Amazon.com (AMZN -1.65%) proved with its Prime Day sales event that you no longer need an actual holiday to create a retail sales holiday. Prime Day doesn't celebrate mothers, fathers, veterans, a religious occasion, or anything else -- it's a day for shopping, discounts, and retail consumption.
With Prime Day, Amazon created a sort of Black Friday in the summer without the excuse of being tied to holiday shopping. Basically, the retailer looked at the calendar and saw that once Mother's Day passed in May, the shopping calendar was pretty empty until the fall. Prime Day filled that hole through the sheer power of the online leader being able to use discounting and deals to will it into existence.
Now, Walmart (WMT -0.80%) has a similar plan, albeit a somewhat more muted one. The retailer aims to make Feb. 23 Baby Savings Day in some of its stores, with additional baby-related deals being offered on its website throughout the month of February.
Oh, baby, what is Walmart doing?
Baby Savings Day isn't an open-ended giant sale like Prime Day, but it's not rooted in any existing event on the calendar. The sales holiday is Walmart's attempt to create an event, though it's not giving it the massive promotional push Amazon gave the first Prime Day in 2015.
The Walmart event will run from 10:30 a.m. to 4:30 p.m. in most, but not all of its stores (a full list can be found here). Savings will vary, but the chain promises deals up to 30% off on an extensive array of baby essentials including strollers, cribs, car seats, toys, formula, and various other supplies. The sale has already started on Walmart.com, where it runs through the end of February.
It's a big sale, but Walmart hasn't done very much to promote it nationally. The chain has not issued a national press release or put up any information about Baby Savings Day on its blog as of early Feb. 21. There's also no mention of the event on its homepage.
Check out the latest Walmart earnings call transcript.
Taking baby steps?
Walmart appears to be taking a go-slow approach to creating a new sales holiday. That may be a calculated move, designed to establish demand in year one before expanding the event in year two. It's also possible that the retailer isn't only testing a possible annual event, it's gauging its ability to have random sales at times of the year that aren't tied to a specific calendar event. (Walmart did not respond to a request to provide more information.)
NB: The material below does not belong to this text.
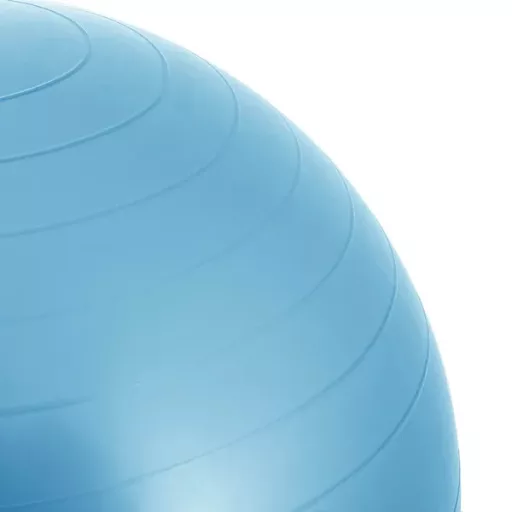 Világoskék edzőlabda 55 cm, pumpával, 150 kg-ig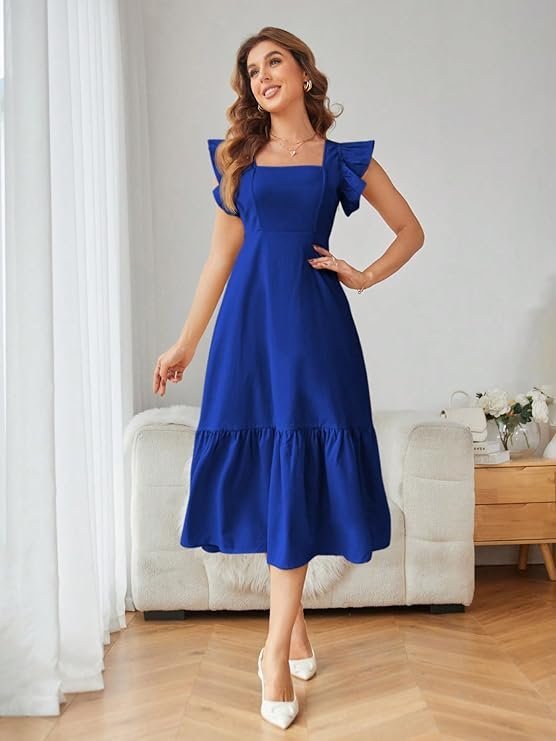 Shasmi Girl's & Women's Solid Color Square Neck, Ruffle-Trimmed Hem Sleeveless, Ruffle Armhole and Casual Dress with Cinched Waist Vacation Outfits Woman (Dress 162) Royal Blue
This may not be Walmart's baby-based version of Prime Day, but Amazon has not let its rival's efforts go unnoticed. The online leader is also holding a sale on baby-related items through the end of February.
Offering a limited-hours, one-day sale in select stores (about 3,000 of its 3,570 Supercenter locations) is not Walmart's typical method of running a sale, nor does it directly follow the model Amazon created with Prime Day. It's very possible that the chain is experimenting before it fully commits to attempting to make Baby Savings Day a recurring event.